- [Exercise requirements] What is needed here is an exact copy of every record below.

- [Data shown]

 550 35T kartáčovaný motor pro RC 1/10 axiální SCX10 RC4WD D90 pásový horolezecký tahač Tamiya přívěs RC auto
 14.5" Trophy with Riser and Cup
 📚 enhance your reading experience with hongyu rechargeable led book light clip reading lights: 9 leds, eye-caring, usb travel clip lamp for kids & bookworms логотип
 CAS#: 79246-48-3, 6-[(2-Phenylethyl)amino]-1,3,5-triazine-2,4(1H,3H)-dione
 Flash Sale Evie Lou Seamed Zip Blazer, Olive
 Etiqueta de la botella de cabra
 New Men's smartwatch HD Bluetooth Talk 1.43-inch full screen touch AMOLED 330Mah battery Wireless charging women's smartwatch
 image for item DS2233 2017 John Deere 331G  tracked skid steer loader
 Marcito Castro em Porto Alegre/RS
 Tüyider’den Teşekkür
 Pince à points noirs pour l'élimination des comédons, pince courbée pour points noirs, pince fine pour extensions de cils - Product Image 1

- [Answer area]
 550 35T kartáčovaný motor pro RC 1/10 axiální SCX10 RC4WD D90 pásový horolezecký tahač Tamiya přívěs RC auto
 14.5" Trophy with Riser and Cup
 📚 enhance your reading experience with hongyu rechargeable led book light clip reading lights: 9 leds, eye-caring, usb travel clip lamp for kids & bookworms логотип
 CAS#: 79246-48-3, 6-[(2-Phenylethyl)amino]-1,3,5-triazine-2,4(1H,3H)-dione
 Flash Sale Evie Lou Seamed Zip Blazer, Olive
 Etiqueta de la botella de cabra
 New Men's smartwatch HD Bluetooth Talk 1.43-inch full screen touch AMOLED 330Mah battery Wireless charging women's smartwatch
 image for item DS2233 2017 John Deere 331G  tracked skid steer loader
 Marcito Castro em Porto Alegre/RS
 Tüyider’den Teşekkür
 Pince à points noirs pour l'élimination des comédons, pince courbée pour points noirs, pince fine pour extensions de cils - Product Image 1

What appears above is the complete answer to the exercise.